**Problem statement**:
Please print nothing but the lines from the one containing "Christabelle Chadwick Green" to the final line below, exactly, and no pictures.
Source data Block Start
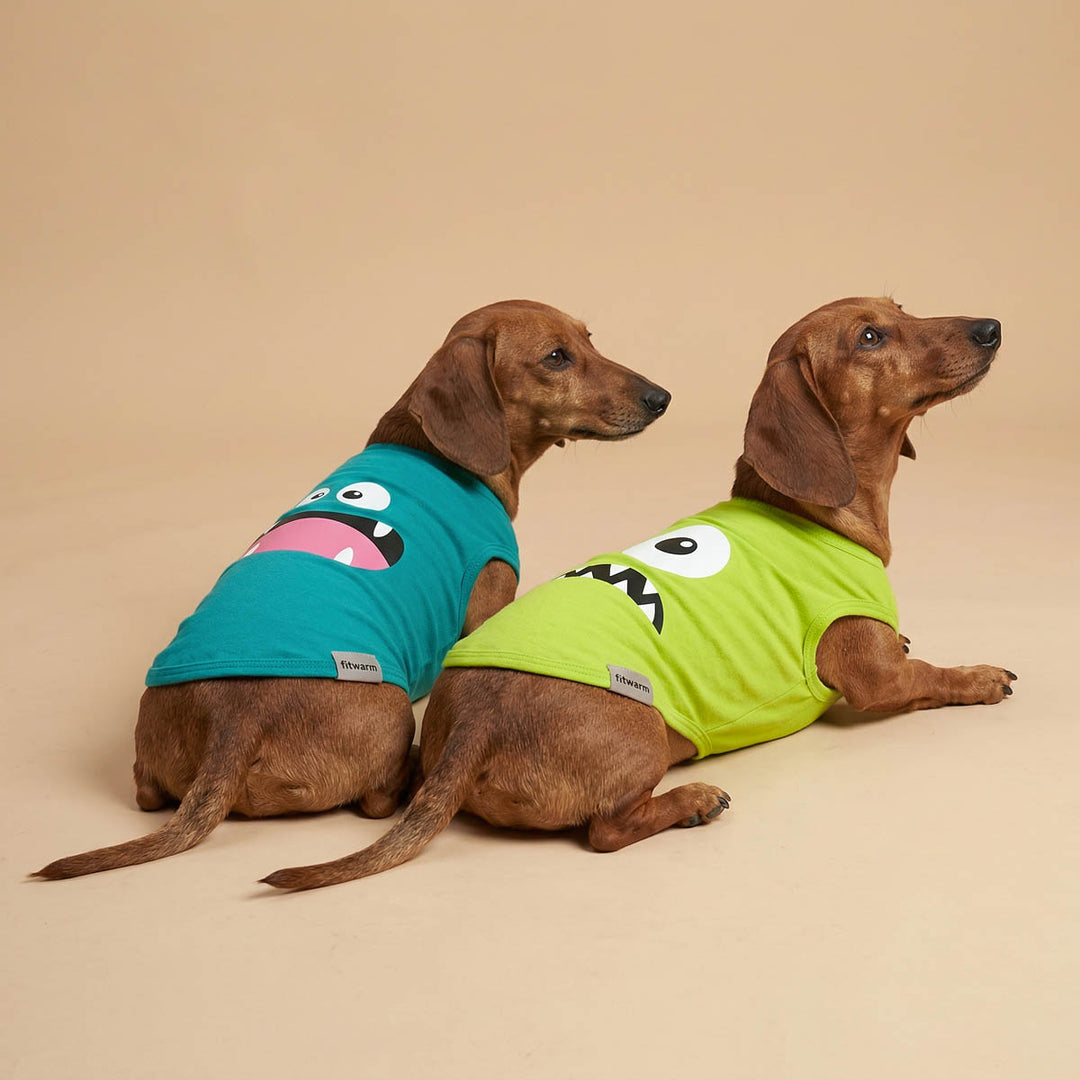 Dachshunds wearing a funny dog tank tops with funny monster prints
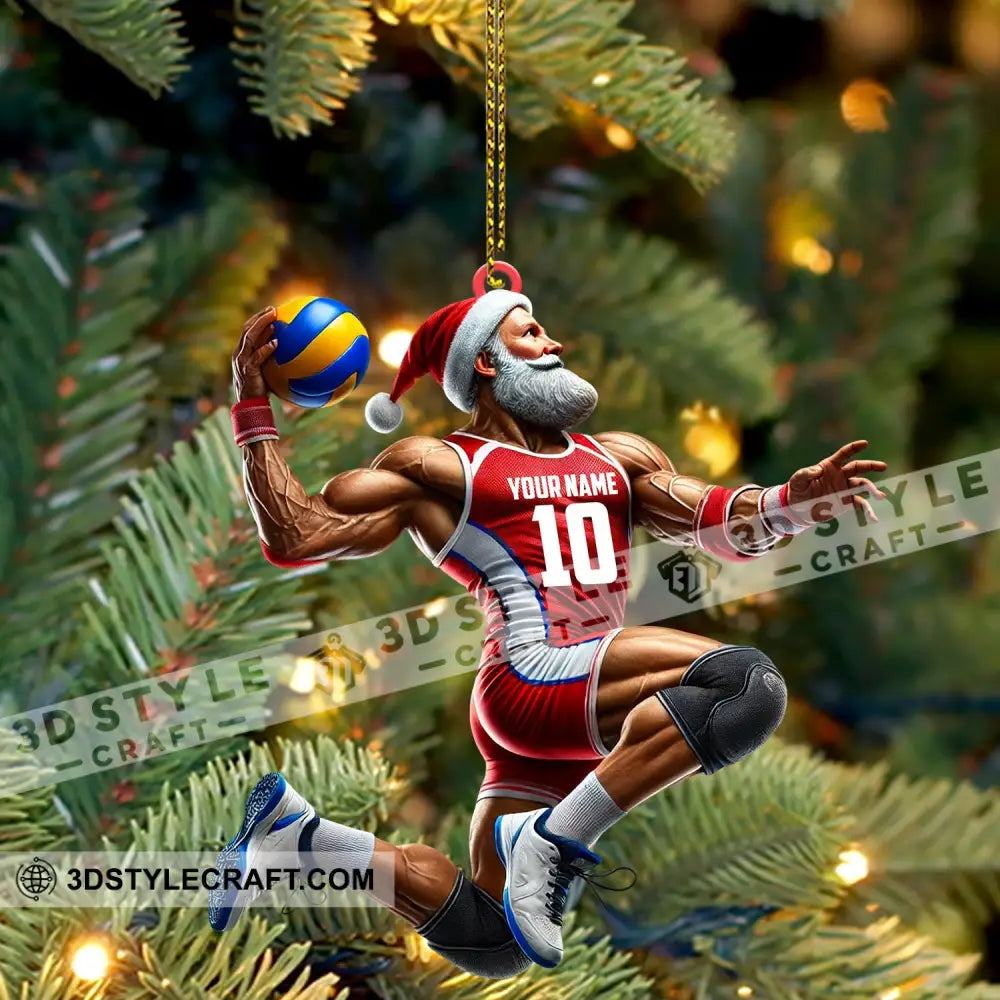 Volleyball Santa Home Decor Christmas Ornament Personalized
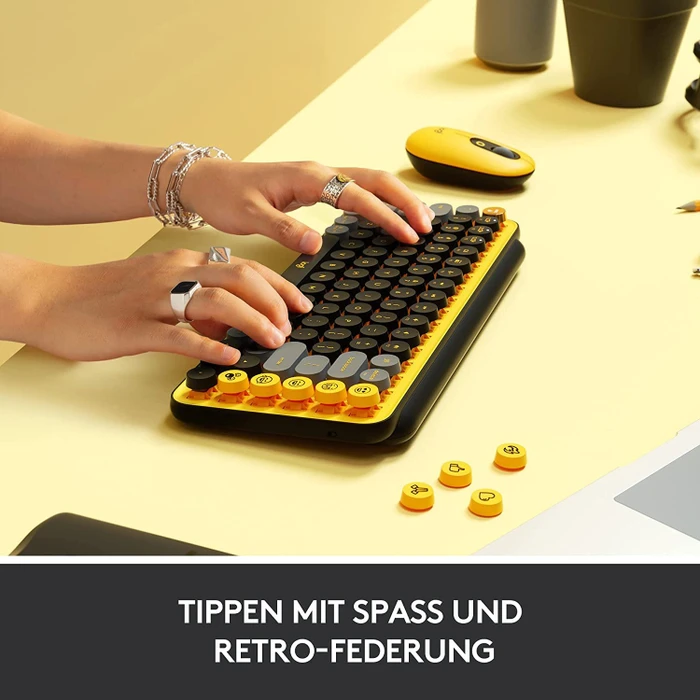 Logitech POP Keys Wireless Mechanical Keyboard, Logi Bolt, Blast, TTC BROWN, USB/Bluetooth, IT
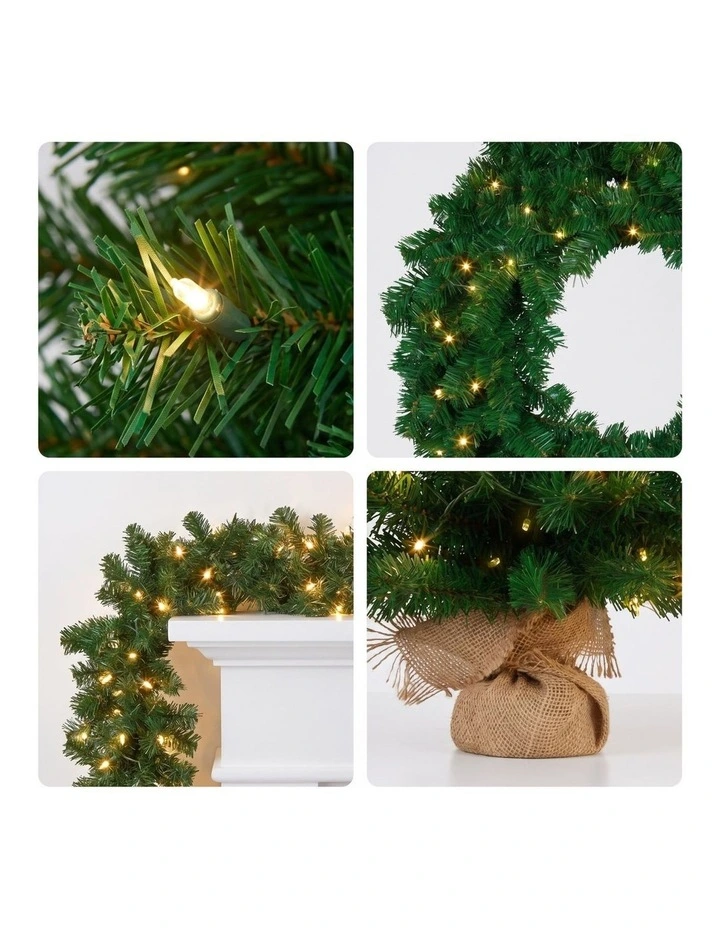 Christabelle Chadwick Green Christmas 3pc Set 61cm Tabletop Tree 61cm Wreath 2.7m Garland with LED image 2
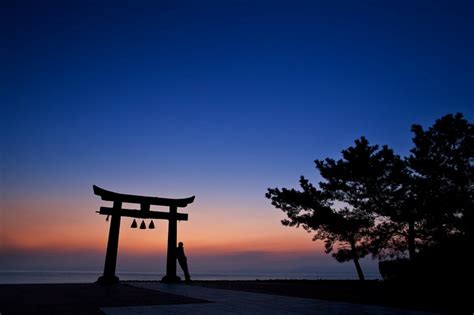 Landscape Torii Clear Sky Men Nature Japan Sea Silhouette Trees
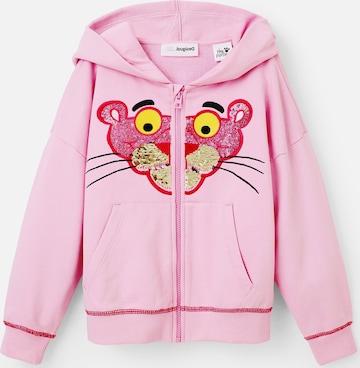 Desigual Zip-Up Hoodie in Pink: front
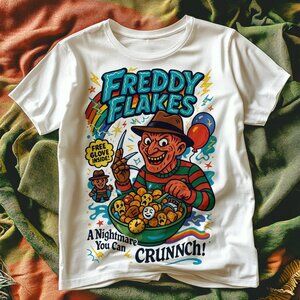 Freddy Flakes Shirt Funny Halloween Tee Horror Cereal Parody T-Shirt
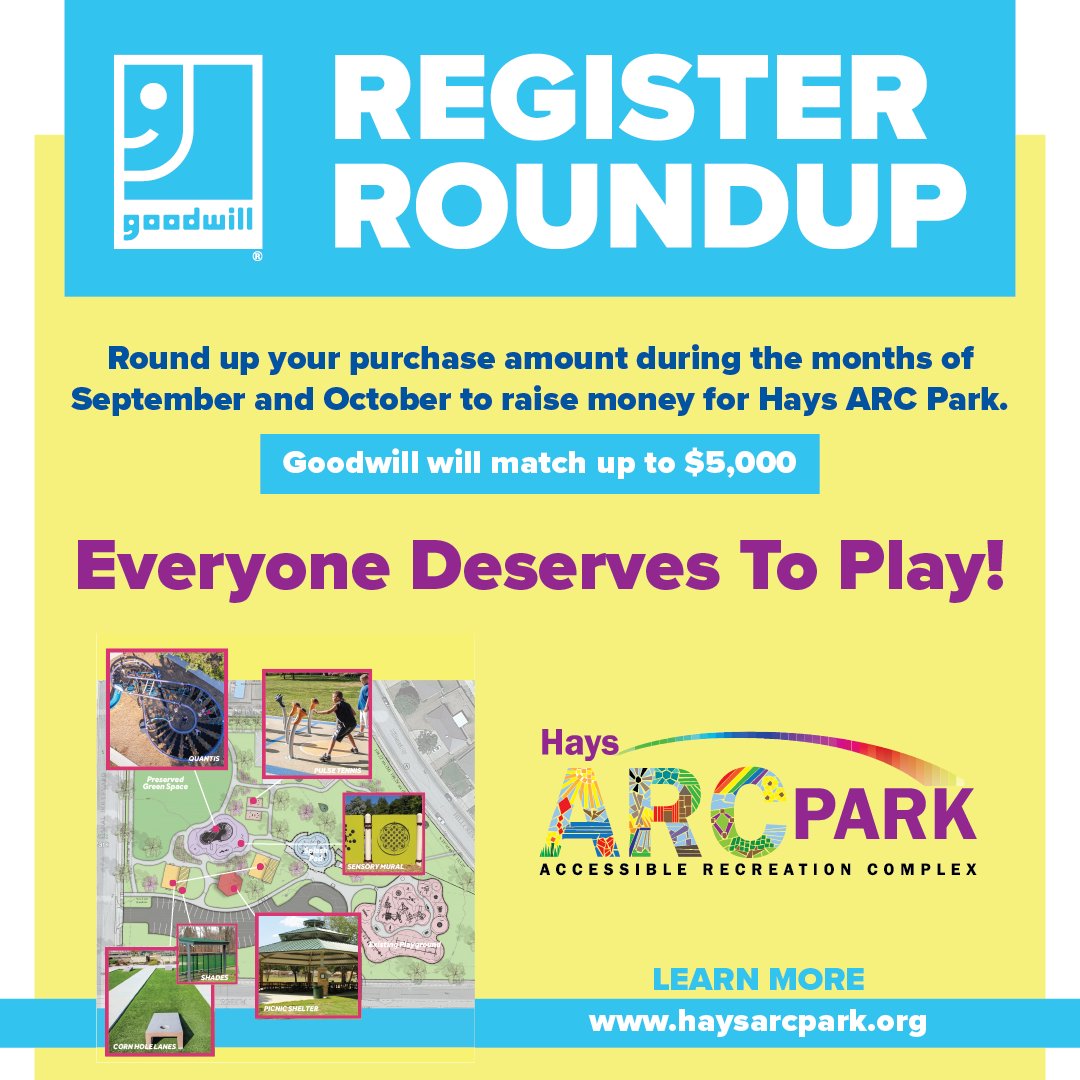 Our Hays store is participating in register round up with the @HAYSARCPARK! Round up your purchase amount during September and October when visiting the Hays location to help fund the park. #MoreThanAThriftStore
Source data Block End
**Task output**:
 Christabelle Chadwick Green Christmas 3pc Set 61cm Tabletop Tree 61cm Wreath 2.7m Garland with LED image 2
 Landscape Torii Clear Sky Men Nature Japan Sea Silhouette Trees
 Desigual Zip-Up Hoodie in Pink: front
 Freddy Flakes Shirt Funny Halloween Tee Horror Cereal Parody T-Shirt
 Our Hays store is participating in register round up with the @HAYSARCPARK! Round up your purchase amount during September and October when visiting the Hays location to help fund the park. #MoreThanAThriftStore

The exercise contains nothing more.